Psoralen C2 at the 5’-terminus of an oligonucleotide serves effectively as a cross-linking reagent in double-stranded oligonucleotides. The 6 atom spacer arm of Psoralen C6 allows cross-linking with a triplex oligonucleotide strand. Click Chemistry with psoralen azide and one of our many nucleosidic and non-nucleosidic alkyne derivatives has the potential to generate a variety of practical cross-linkers. The well known reversible cross-linking behavior of psoralen with an adjacent thymidine residue could be very useful.
Coupling: 10 minute coupling time recommended.
Deprotection: Mild: 0.4M Methanolic NaOH 17hr @ RT or ammonium hydroxide 24h @ RT.|Note: NaOH is not compatible with dmf protecting groups.

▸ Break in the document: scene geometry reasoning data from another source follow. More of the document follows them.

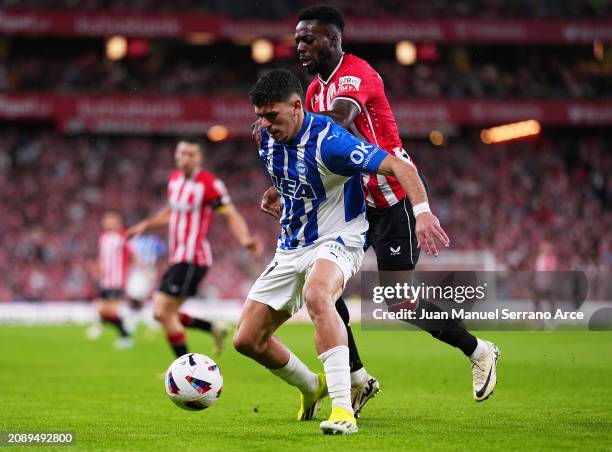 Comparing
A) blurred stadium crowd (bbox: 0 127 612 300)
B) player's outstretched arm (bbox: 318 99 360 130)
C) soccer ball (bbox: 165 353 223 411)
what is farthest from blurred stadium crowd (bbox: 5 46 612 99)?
soccer ball (bbox: 165 353 223 411)

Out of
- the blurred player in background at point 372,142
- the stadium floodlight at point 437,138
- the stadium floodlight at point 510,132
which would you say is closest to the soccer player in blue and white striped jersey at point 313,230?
the blurred player in background at point 372,142

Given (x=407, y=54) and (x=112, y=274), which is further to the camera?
(x=407, y=54)

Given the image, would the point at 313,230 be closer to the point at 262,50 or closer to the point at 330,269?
the point at 330,269

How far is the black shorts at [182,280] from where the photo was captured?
35.6 feet

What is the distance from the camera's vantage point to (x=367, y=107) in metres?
6.96

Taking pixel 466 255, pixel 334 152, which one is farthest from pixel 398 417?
pixel 466 255

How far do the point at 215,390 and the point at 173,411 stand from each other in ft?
3.30

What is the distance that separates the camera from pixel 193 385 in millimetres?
6336

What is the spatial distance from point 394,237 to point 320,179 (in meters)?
1.30

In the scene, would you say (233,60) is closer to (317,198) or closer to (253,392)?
(253,392)

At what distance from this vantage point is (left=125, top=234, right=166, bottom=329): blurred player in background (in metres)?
22.4

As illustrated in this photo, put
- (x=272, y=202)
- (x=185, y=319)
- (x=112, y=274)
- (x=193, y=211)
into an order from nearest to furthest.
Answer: (x=272, y=202) < (x=193, y=211) < (x=185, y=319) < (x=112, y=274)

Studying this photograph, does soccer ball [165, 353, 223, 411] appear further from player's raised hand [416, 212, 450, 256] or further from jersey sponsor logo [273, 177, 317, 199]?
player's raised hand [416, 212, 450, 256]

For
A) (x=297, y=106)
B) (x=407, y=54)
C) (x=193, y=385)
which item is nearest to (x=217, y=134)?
(x=407, y=54) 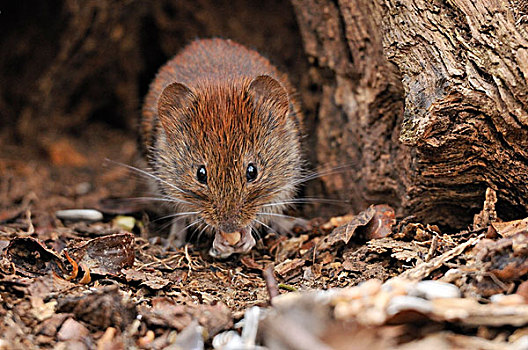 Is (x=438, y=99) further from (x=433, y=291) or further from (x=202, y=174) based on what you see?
(x=202, y=174)

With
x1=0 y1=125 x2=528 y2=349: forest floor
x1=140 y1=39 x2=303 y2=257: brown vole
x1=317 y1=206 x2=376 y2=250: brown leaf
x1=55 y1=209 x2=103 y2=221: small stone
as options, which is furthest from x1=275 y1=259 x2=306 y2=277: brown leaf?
x1=55 y1=209 x2=103 y2=221: small stone

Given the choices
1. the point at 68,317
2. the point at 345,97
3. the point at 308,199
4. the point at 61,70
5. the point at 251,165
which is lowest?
the point at 68,317

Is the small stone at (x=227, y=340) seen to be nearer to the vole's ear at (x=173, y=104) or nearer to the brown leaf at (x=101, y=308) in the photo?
the brown leaf at (x=101, y=308)

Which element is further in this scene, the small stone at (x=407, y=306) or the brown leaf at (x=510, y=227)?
the brown leaf at (x=510, y=227)

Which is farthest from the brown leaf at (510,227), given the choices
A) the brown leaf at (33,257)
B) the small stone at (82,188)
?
the small stone at (82,188)

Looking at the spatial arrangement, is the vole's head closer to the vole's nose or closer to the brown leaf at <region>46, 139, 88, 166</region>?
the vole's nose

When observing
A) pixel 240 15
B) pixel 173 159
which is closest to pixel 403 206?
pixel 173 159

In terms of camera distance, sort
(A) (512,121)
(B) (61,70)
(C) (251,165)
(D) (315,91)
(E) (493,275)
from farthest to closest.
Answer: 1. (B) (61,70)
2. (D) (315,91)
3. (C) (251,165)
4. (A) (512,121)
5. (E) (493,275)

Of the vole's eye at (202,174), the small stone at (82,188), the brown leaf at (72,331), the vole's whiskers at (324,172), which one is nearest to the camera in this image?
the brown leaf at (72,331)

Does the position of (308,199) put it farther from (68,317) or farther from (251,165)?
(68,317) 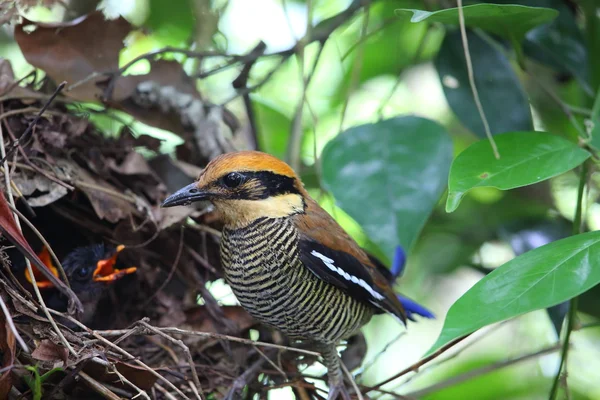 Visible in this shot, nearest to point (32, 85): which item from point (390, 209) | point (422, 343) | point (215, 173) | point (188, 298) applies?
point (215, 173)

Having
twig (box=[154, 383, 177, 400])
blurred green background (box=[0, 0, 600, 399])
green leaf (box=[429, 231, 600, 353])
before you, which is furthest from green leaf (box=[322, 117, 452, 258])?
twig (box=[154, 383, 177, 400])

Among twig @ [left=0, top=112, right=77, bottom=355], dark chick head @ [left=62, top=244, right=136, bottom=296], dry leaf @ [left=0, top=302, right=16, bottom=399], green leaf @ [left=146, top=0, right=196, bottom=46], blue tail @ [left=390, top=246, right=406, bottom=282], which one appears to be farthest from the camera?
green leaf @ [left=146, top=0, right=196, bottom=46]

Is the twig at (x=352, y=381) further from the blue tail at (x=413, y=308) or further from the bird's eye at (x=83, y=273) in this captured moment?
the bird's eye at (x=83, y=273)

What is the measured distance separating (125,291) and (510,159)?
1.82 metres

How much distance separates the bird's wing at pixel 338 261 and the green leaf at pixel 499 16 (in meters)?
0.91

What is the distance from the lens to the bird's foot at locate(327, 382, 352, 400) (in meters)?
2.95

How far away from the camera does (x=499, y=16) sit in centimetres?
273

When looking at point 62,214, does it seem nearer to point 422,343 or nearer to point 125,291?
point 125,291

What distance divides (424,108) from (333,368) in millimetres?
2618

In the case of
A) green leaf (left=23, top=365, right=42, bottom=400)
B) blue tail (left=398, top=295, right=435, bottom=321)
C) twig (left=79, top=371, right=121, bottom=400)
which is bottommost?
blue tail (left=398, top=295, right=435, bottom=321)

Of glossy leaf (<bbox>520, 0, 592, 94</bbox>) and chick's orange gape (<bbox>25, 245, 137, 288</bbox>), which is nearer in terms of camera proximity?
chick's orange gape (<bbox>25, 245, 137, 288</bbox>)

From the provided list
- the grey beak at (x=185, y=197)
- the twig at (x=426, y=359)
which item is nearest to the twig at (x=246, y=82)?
the grey beak at (x=185, y=197)

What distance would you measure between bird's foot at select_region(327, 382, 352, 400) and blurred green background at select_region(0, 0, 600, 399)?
5.3 inches

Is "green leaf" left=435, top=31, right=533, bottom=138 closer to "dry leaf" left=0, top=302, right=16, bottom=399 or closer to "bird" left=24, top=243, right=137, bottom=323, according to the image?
"bird" left=24, top=243, right=137, bottom=323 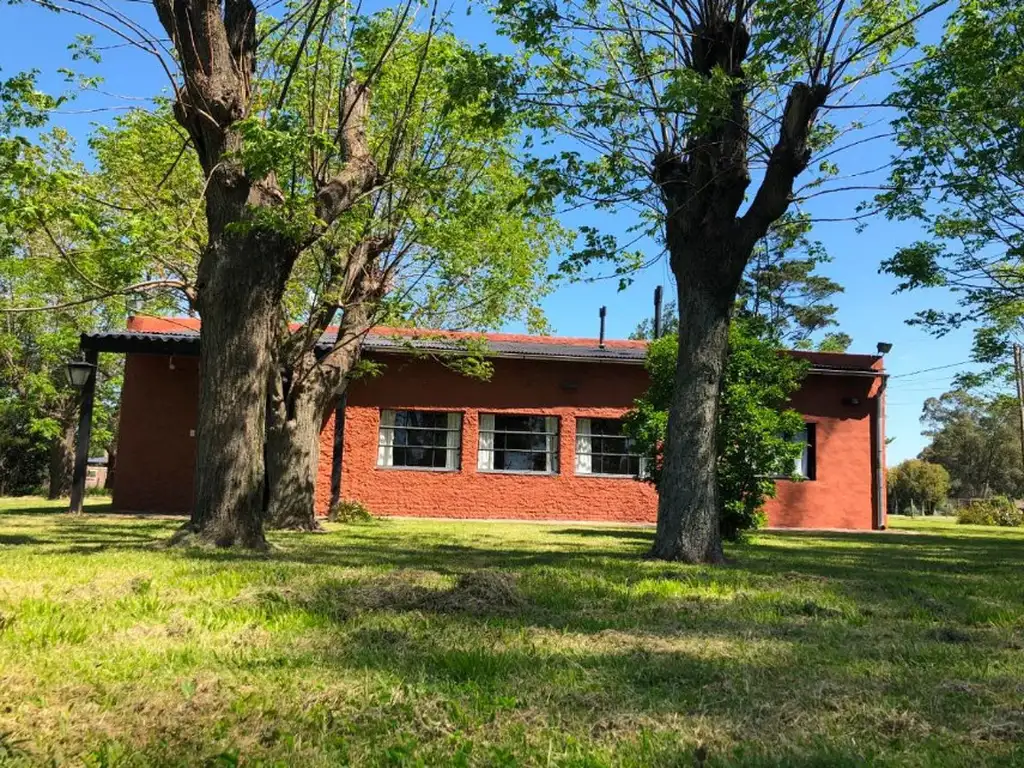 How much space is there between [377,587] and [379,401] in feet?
39.7

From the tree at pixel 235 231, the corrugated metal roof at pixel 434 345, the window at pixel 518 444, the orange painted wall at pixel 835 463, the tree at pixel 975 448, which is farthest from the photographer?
the tree at pixel 975 448

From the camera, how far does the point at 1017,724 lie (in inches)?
112

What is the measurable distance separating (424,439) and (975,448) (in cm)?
5800

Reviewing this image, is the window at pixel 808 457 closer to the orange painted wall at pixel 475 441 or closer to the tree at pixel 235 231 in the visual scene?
the orange painted wall at pixel 475 441

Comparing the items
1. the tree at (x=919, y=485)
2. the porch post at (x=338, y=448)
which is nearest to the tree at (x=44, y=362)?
the porch post at (x=338, y=448)

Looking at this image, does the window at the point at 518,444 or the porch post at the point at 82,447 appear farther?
the window at the point at 518,444

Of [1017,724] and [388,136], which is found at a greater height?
[388,136]

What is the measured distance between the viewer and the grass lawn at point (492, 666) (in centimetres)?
259

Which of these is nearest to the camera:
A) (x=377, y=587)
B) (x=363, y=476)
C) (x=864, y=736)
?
(x=864, y=736)

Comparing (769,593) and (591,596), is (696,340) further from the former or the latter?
(591,596)

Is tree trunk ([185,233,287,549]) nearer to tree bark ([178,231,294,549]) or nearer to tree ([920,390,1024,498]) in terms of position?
tree bark ([178,231,294,549])

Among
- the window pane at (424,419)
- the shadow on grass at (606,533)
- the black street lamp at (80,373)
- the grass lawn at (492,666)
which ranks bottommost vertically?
the shadow on grass at (606,533)

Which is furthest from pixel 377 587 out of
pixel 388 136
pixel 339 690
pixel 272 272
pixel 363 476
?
pixel 363 476

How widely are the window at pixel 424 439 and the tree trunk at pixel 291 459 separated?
5.06 metres
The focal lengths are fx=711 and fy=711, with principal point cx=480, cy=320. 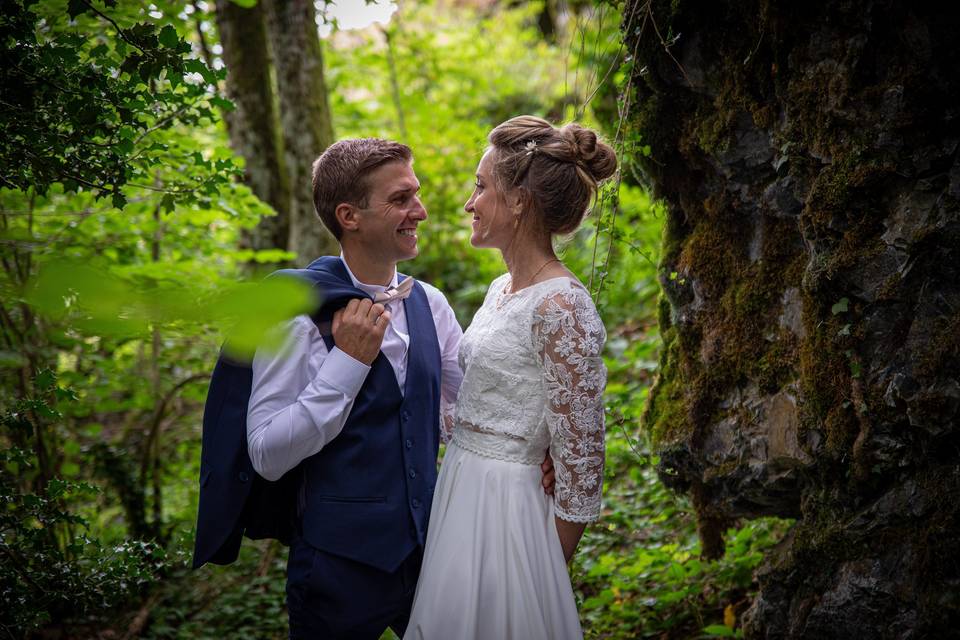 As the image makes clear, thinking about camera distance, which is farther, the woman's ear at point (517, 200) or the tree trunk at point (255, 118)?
the tree trunk at point (255, 118)

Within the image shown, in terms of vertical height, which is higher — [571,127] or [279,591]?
[571,127]

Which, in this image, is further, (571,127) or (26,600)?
(571,127)

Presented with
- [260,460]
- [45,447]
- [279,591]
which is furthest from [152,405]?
[260,460]

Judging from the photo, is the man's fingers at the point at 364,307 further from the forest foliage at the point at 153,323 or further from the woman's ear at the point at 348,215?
the forest foliage at the point at 153,323

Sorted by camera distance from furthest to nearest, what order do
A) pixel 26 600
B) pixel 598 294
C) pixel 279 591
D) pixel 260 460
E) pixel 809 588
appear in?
pixel 279 591
pixel 598 294
pixel 809 588
pixel 26 600
pixel 260 460

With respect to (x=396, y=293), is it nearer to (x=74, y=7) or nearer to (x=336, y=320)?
(x=336, y=320)

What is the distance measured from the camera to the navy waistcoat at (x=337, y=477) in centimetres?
234

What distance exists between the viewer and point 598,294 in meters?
2.91

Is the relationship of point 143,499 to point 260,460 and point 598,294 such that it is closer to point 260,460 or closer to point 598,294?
point 260,460

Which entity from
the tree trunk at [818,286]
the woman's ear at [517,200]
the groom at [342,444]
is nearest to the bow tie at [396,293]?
the groom at [342,444]

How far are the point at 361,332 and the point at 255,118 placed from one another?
466 centimetres

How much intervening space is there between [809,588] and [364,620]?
1597 mm

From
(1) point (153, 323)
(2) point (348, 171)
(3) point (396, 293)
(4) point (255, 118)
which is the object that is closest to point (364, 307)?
(3) point (396, 293)

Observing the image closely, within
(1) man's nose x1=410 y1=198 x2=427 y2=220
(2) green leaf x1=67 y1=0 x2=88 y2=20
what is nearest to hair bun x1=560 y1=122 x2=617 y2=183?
(1) man's nose x1=410 y1=198 x2=427 y2=220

Psoralen C2 is designed to crosslink to a T residue adjacent to the 3'-terminus of the opposite strand of double stranded DNA. Psoralen C6 is intended to fulfill the same purpose but, with the longer spacer, crosslinks to the triple strand of triplex DNA.Max excitation=330nm, observed at max 395nm||
Psoralens are a class of naturally occurring heterocyclic compounds which intercalates between bases in double-stranded or triple stranded DNA. Upon exposure to long wavelength light (350 nm) Psoralen forms covalent linkages to Thymidine (cyclobutane linkage). Psoralen is a bifunctional reagent and can form either a monoadduct, linking one adjacent thymidine on the same or complimentary strand, or a diadduct, linking adjacent thymidines on the same or complimentary strands. Diadducts formed between adjacent thymidines are photoreversable with short wavelength UV light (254 nm).